About

I'm Dave, and I do a lot of different things. This website is mostly about my researching side, as an academic and business writer. I also work as a coach, build digital things (mostly for myself), build physical things (mostly for my family), and live on a boat. I spend a lot of time reading and thinking about how we humans can live both sustainably and deeply, and what I can do to help that happen. That last bit can be easy on an individual/family level; not so easy at societal scale.

Anyway, this site is about work. I was previously an academic working in History, Digital Humanities then held a wonderful job-for-life in Global Sustainable Development. I took a sabbatical to go sailing with my wife and young boys, then forgot to return to work. For the past five years I've been working on various things that interest me; and the skills I've built from that variety of work might well be of use to you.

I have an unusual ability to span both business and academic work. I speak the language of product development as adeptly as I do neuroscience. I've conducted work on topics from education in Oman to salmon-farming-related biotech. AI's impact on employment to business travel. Psychedelic therapy to measuring social impact. Sustainability audits to workplace training.

So while I can zoom-in to particular areas and help you with an academic literature review of work in your niche, my real expertise is in blending that niche with its broader contexts, and applications. With connecting the general with the particular; the business case with the technical detail.

Recently, my work has coalesced around three areas in which that expertise is equally useful: research support for businesses, academic-style research, and grant writing.

At some point I'd like to get into sustainability consulting, or encourage more people to share my passion for sustainable, deep lives. But for the next few years I'll be continuing down this path, learning a lot along the way. And continuing to say no a lot, unless the work that finds me is particularly interesting.

Back Story

2010

💭 back to academia for a while

Returned to the University of Warwick to start a History PhD, after 18 months working in investment banking.

2012-5 - History Lecturer

enjoying research and planning an academic life

Completed my PhD 🎓🥳. Lecturing in History at the University of Warwick.

2013-16 - Research 🤝 Technology

💓 Charlotte and I get married & our second boy is born.

Alongside academic roles I was working in Academic Technology and Digital Humanities, helping academics integrate digital research tools into their work. Coding was fun at first but 🫤 after a while.

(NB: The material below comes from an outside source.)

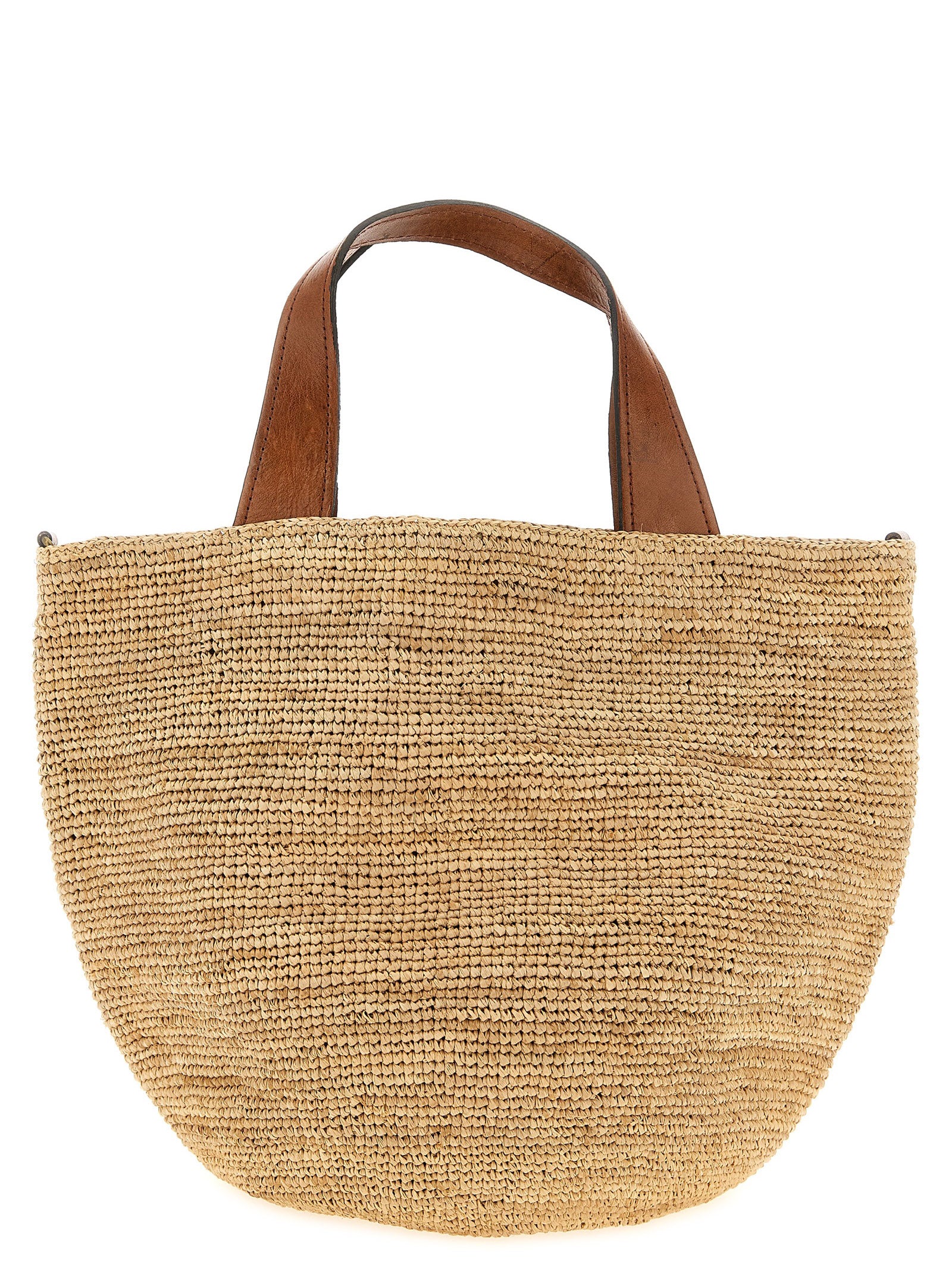 Ibeliv Beige Raffia Handbag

2015-17 - Sustainable Development Lecturer

✈️ Took my last ever flight.

Director of Student Experience in Global Sustainable Development. AWESOME role with superb colleagues, and our first intake of students were great too. Job for life.

2017-19 - A two-year sabbatical

⛵ sold our house to buy a boat. We'll go back & buy a house closer to work. Seizing the chance for two year's sailing while the kids are young...

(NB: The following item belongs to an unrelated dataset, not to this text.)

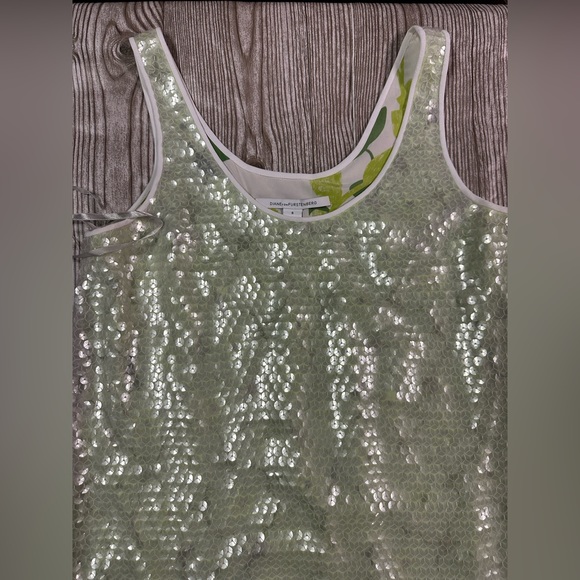 EUC * Diane Von Furstenberg Sequin Mini Dress - Picture 2 of 6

Our third boy is born, we cross the ocean on our catamaran, and spend some island time as a family, with no interruptions...

2019 - Freelance Researcher

👋 bye plans. Didn't go back to work. My work-stuff is STILL (2024) in the storeroom at Warwick. I should collect it one day.

Working as a freelance academic researcher. My first client was the author of a book called <i>Knowledge Nomads and the Nervously Employed: Workplace Change & Courageous Careet Choices</i>, which made me laugh a lot.

2020-2 - Business Research & Longer Term Clients

🌎 Living cheaply on our yacht in the Caribbean and Central America, and a more sustainable life: CO2 emissions <5Tpa (as a family of 5). I'm saying no a lot to avoid working over 15 hours a week, we don't need more.

Clients asked me to do some business work (grants, white papers, research summaries) and I got good at it. Others asked me to coach them. Failed to scale a cognitive coaching side-line.

2023 - Research 🤝 Technology 🤝 Business

⛵ Crossed the Atlantic. It took us nearly 4 weeks to get from Bermuda to Britain. A good life here is more expensive, so I'll have to work a little more.

For most of the year I couldn't work regularly because of sailing plans and their weather-dependence, although I managed weekly coaching calls while crossing an ocean. A few enjoyable academic and academic-adjacent projects, alongside longer-term clients. LLMs arrive, and I start playing with them, developing a couple of prototypes and changing my working practices. Coding is fun again so I'm building more.

2024

Looking for a house in the UK, to stay closer to family. We can't bring ourselves to live in one built to normal British standards, so will be building or retrofitting. We'll be aiming to remain toasty warm and self-powered when the AMOC collapses, which means contributing to the grid in the meantime. Zero-carbon at build, too, if we build.